I posted a bunch of pictures a few years ago - before 3 moves and a job change.

Now we have purchased a new home, are settling in and have been restocking the pantry. 

This is a pic of our main shelf. We also have boxes of mylar(ed) sugar, flour, beans, rice, flour, and powdered milk.

Shelf is about 7 cans of veggies deep 

Top shelf is flour, pancake mix, sugar, baking soda, condensed milk, oil
Next - Veggies and spaghetti stuff
Next - Meat, peanut butter, jelly, soup,
Next - Fruit
Next - condiments, brown sugar, oil, powdered eggs, milk
Flour - #10 cans wheat, rice, flour









Next to the shelf
Boxes of Sugar in mylar along with beans, rice, and wheat
Wife bought a 50lb bag of oatmeal awhile ago


----------



## CapitalKane49p (Apr 7, 2020)

What no piggy puffs or twinkies?

Godspeed


----------



## NKAWTG (Feb 14, 2017)

Maine-Marine said:


> I posted a bunch of pictures a few years ago - before 3 moves and a job change.
> 
> Now we have purchased a new home, are settling in and have been restocking the pantry.
> 
> ...


Now for the hard part (with the exception of long term storage), use what you store so all your packaged goods remain current.


----------



## Tango2X (Jul 7, 2016)

Looks good, well organized


----------



## CapitalKane49p (Apr 7, 2020)

NKAWTG said:


> Now for the hard part (with the exception of long term storage), use what you store so all your packaged goods remain current.


Or as I do buy highly processed high calorie packs like KD, Uncle Bens flavored rice on sale and when it hits on it 3 month date prior to its BBD I donate it to a food bank.


----------



## Maine-Marine (Mar 7, 2014)

NKAWTG said:


> Now for the hard part (with the exception of long term storage), use what you store so all your packaged goods remain current.


since we eat what we buy..that is easy.... although we in the past have donated to a local food pantry to move some older items


----------



## Maine-Marine (Mar 7, 2014)

CapitalKane49p said:


> Or as I do buy highly processed high calorie packs like KD, Uncle Bens flavored rice on sale and when it hits on it 3 month date prior to its BBD I donate it to a food bank.

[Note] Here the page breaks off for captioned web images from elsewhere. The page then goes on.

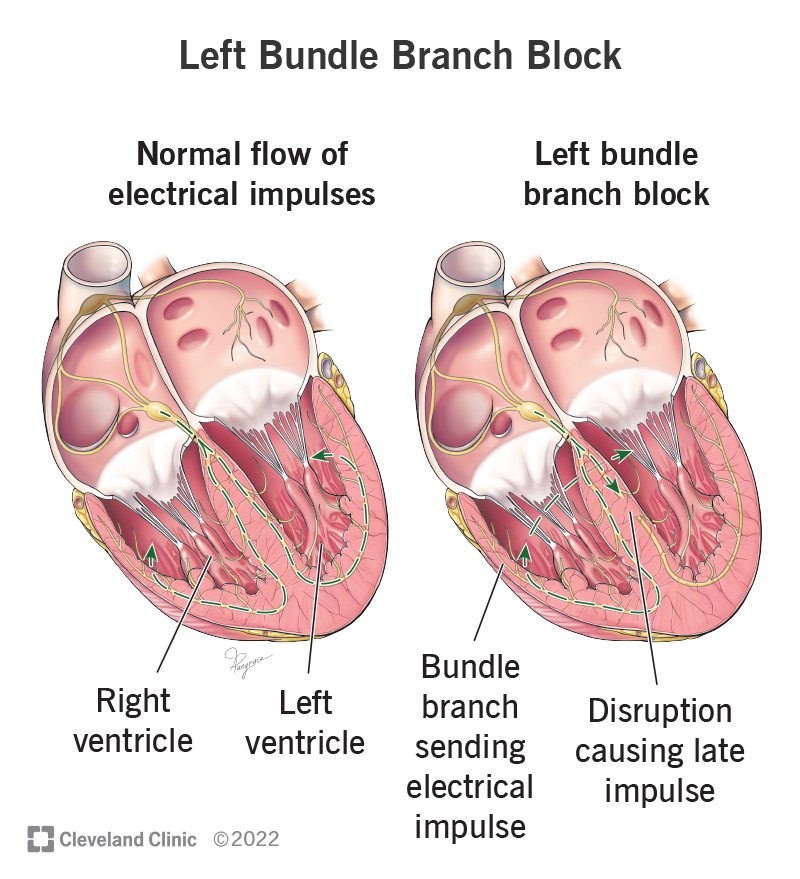 In left bundle branch block, there’s a disruption in the flow of electrical impulses through your heart.
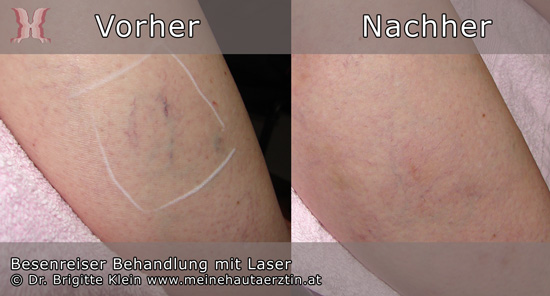 Besenreiser lasern bei Hautarzt Dr. Brigitte Klein in Wien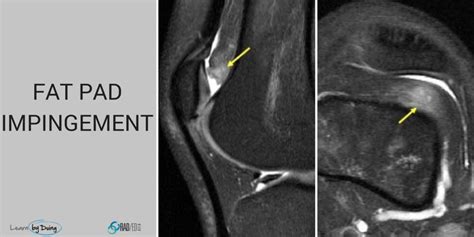 Knee Mri Fat Pad Impingement Where To Look What To Look For Radedasia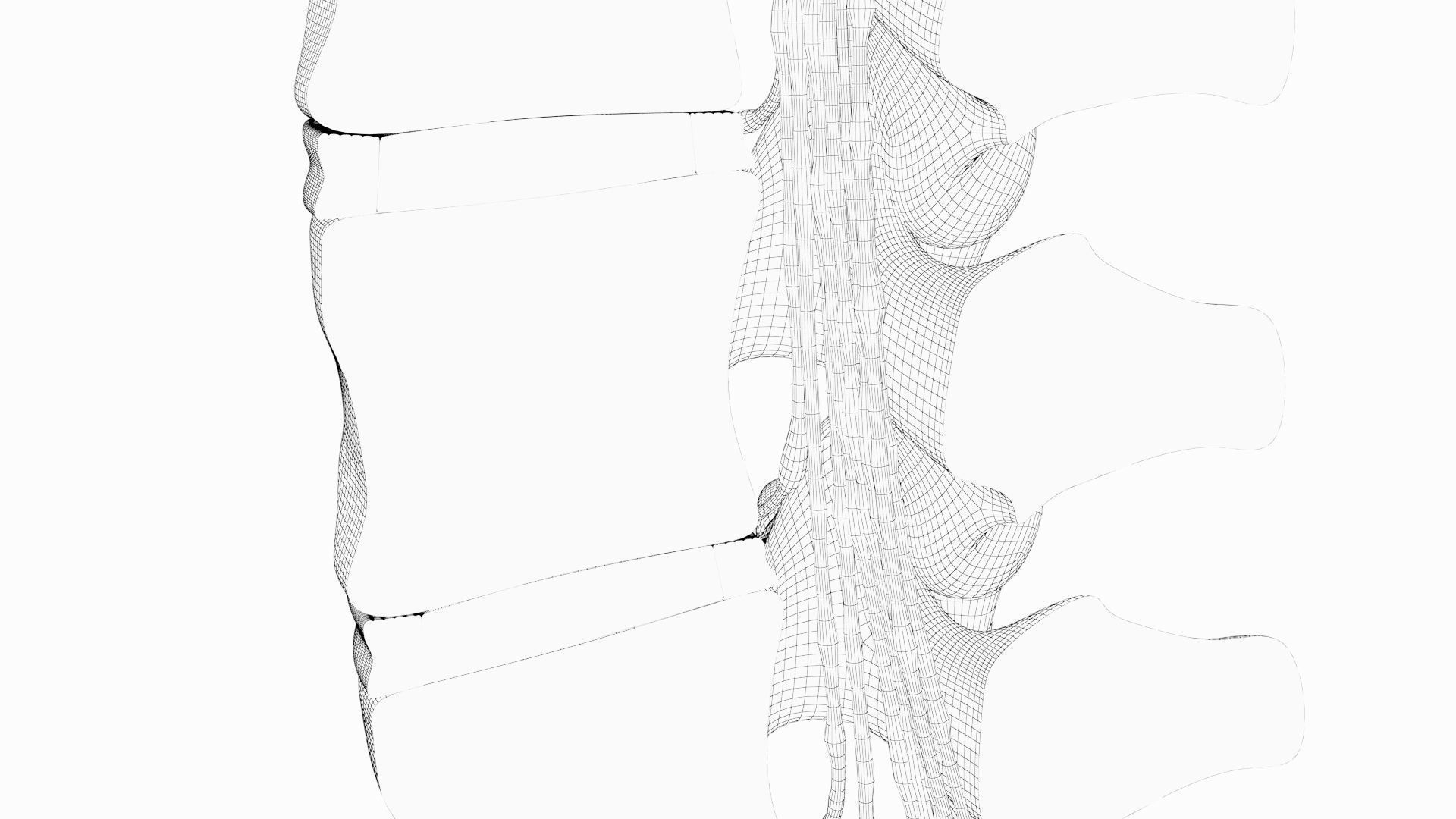 Slipped Bulging Herniated Herniation Disc Spine 3D model_39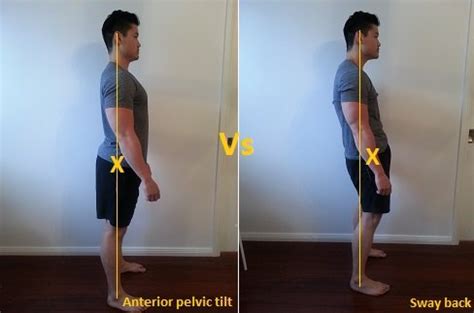 How To Fix Sway Back Posture - Posture Direct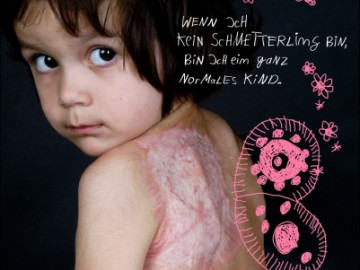 Aktionsbild zum Tag der Brandverletzung: Mädchen mit Verbrennung an linkem Schulterblatt und gezeichneten Schmetterlingsflügeln
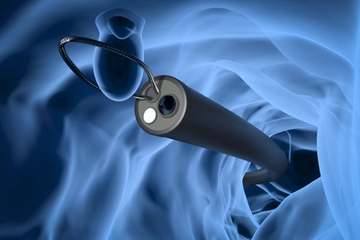 Endoscope that removes a polyp from the colon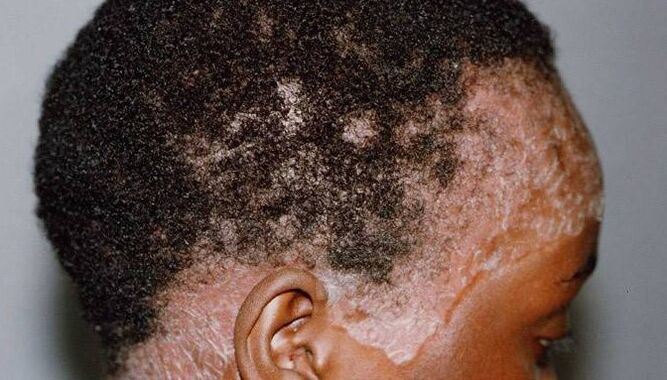 Psoriasis op het hoofd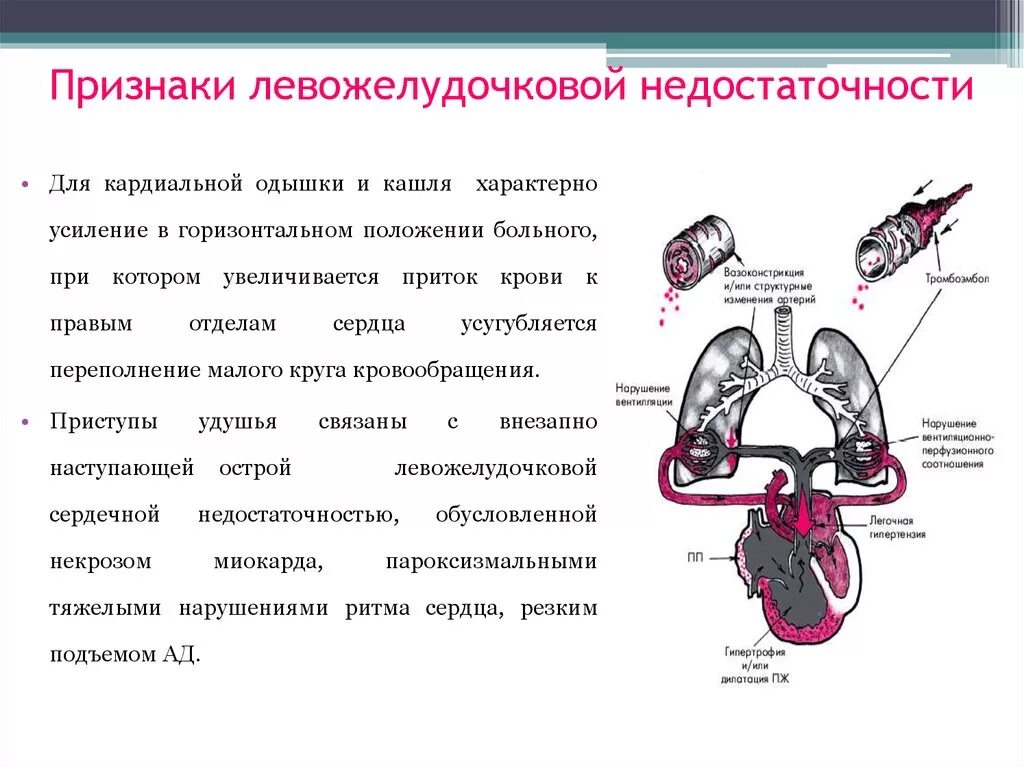 Признаки недостаточности легких. Признаки острой левожелудочковой недостаточности. Левожелудочковая недостаточность схема. Схема механизма левожелудочковой недостаточности. Острая левожелудочковая недостаточность гемодинамика.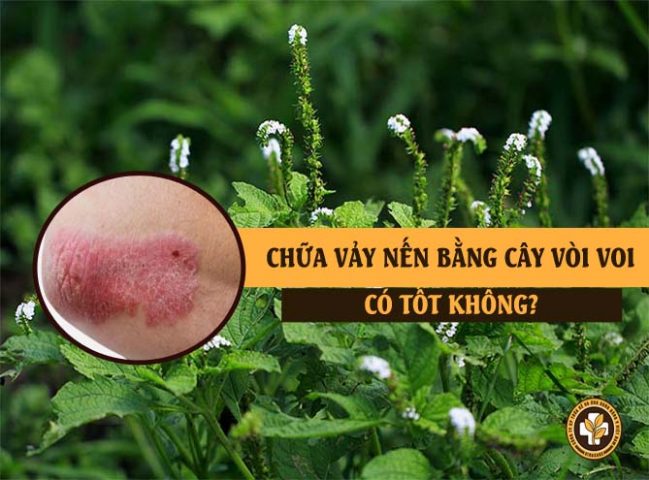 Cây vòi voi chữa vảy nến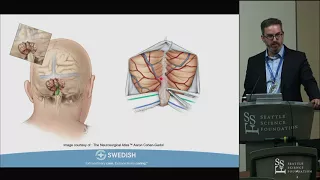 Anatomy of the Dorsal Brainstem, Fourth Ventricle and Telovelar Approach - Zachary N. Litvack, MD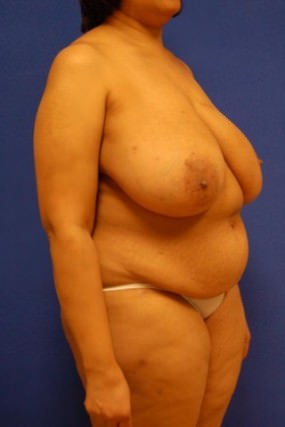 Breast Reconstruction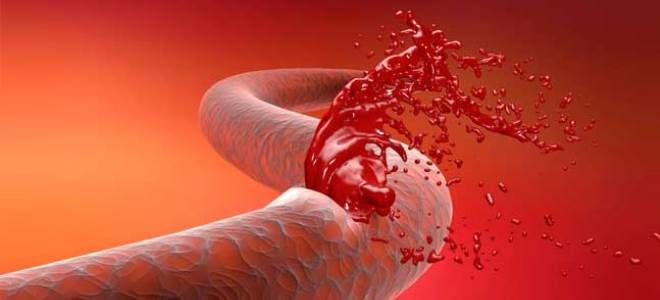 виды гиповолемического шока виды гиповолемического шока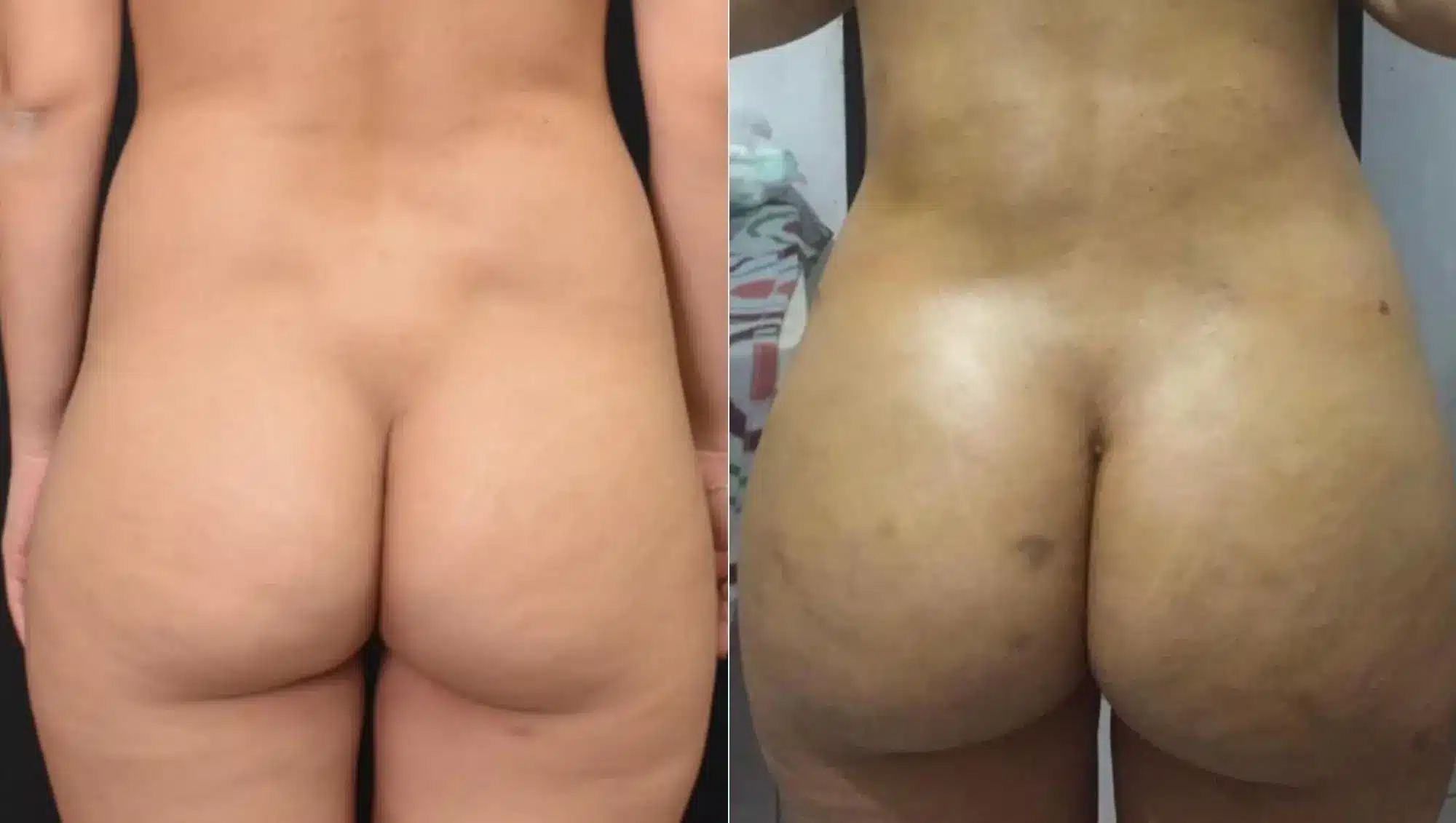 Rear view comparison of a patient before and after Brazilian Butt Lift in Tijuana, showing correction of hip dips and significant volume increase via Brazilian butt augmentation.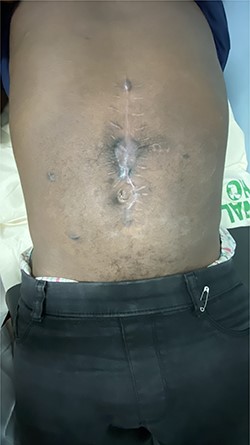 Anterior abdominal wall after 3 months of surgery.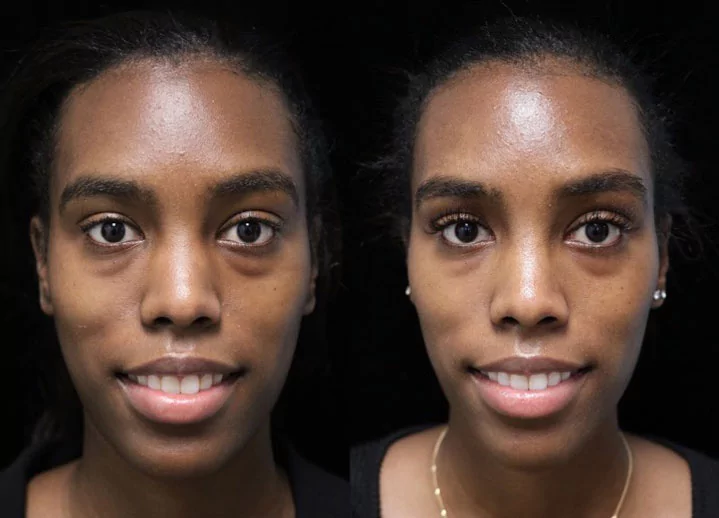 Before and after photo of a female patient with wide nasal bones who underwent a wide nose rhinoplasty
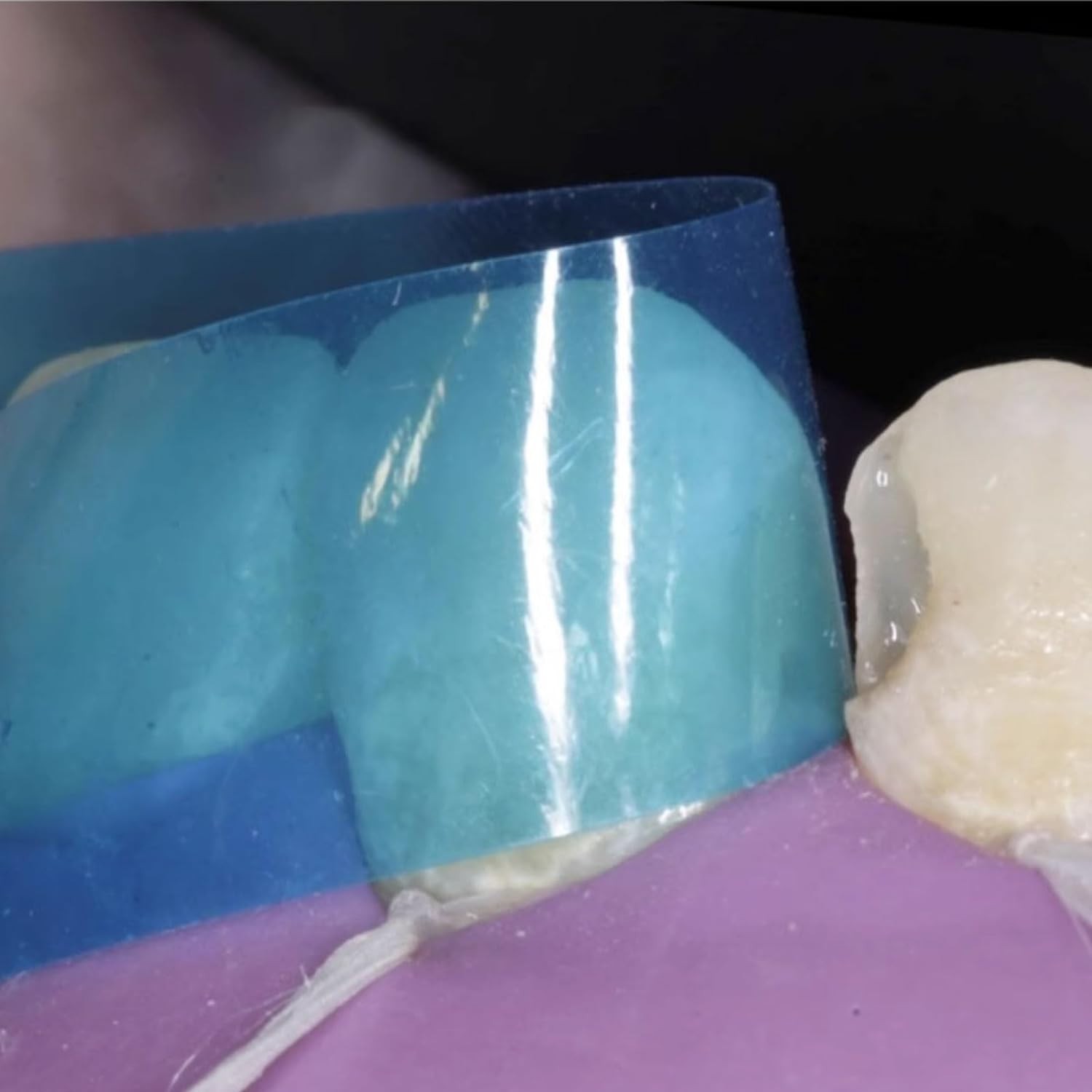 Dental Proximal Anterior Strips Polyester Matrix Bands Clear Matrices Anterior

you get rid of stuff before its Best By Date???? We eat soup 2 years after... other stuff months after


----------



## CapitalKane49p (Apr 7, 2020)

Maine-Marine said:


> you get rid of stuff before its Best By Date???? We eat soup 2 years after... other stuff months after


Most of the stuff I keep get's eaten but the food I referred above I use for homemade MREs that I would eat in a pinch ($5-7 to make vs $15 for premade). 

I find that there is too much salt, carbs and fat for my everyday diet but given there is some sort of energy / crisis ... I would eat them given they high calorie count. Kind of like eating MREs in certain situations but not wanting them to be a staple.

I must say that is a pretty nice looking pantry other than there doesn't seem to be any piggy puffs. 

Godspeed.


----------



## 7515 (Aug 31, 2014)

Hats off to you MM. 
that’s a helluva good pantry. 
BoF


----------



## charito (Oct 12, 2013)

Maine-Marine said:


> you get rid of stuff before its Best By Date???? We eat soup 2 years after... other stuff months after


They might not accept them at the food bank if they are expired. I donate them usually around or a month before the bbd. There's only 2 of us, it's hard to get to eat stocks before the bbd. Like, we normally don't eat canned soup often - probably once a month - but I stocked up on variety of canned soup that we like, among other things.

If we keep expired products around, they occupy space which would otherwise go to newly purchased items. It's "hit or miss" with expired products. I've opened some old ones that are "bubbly."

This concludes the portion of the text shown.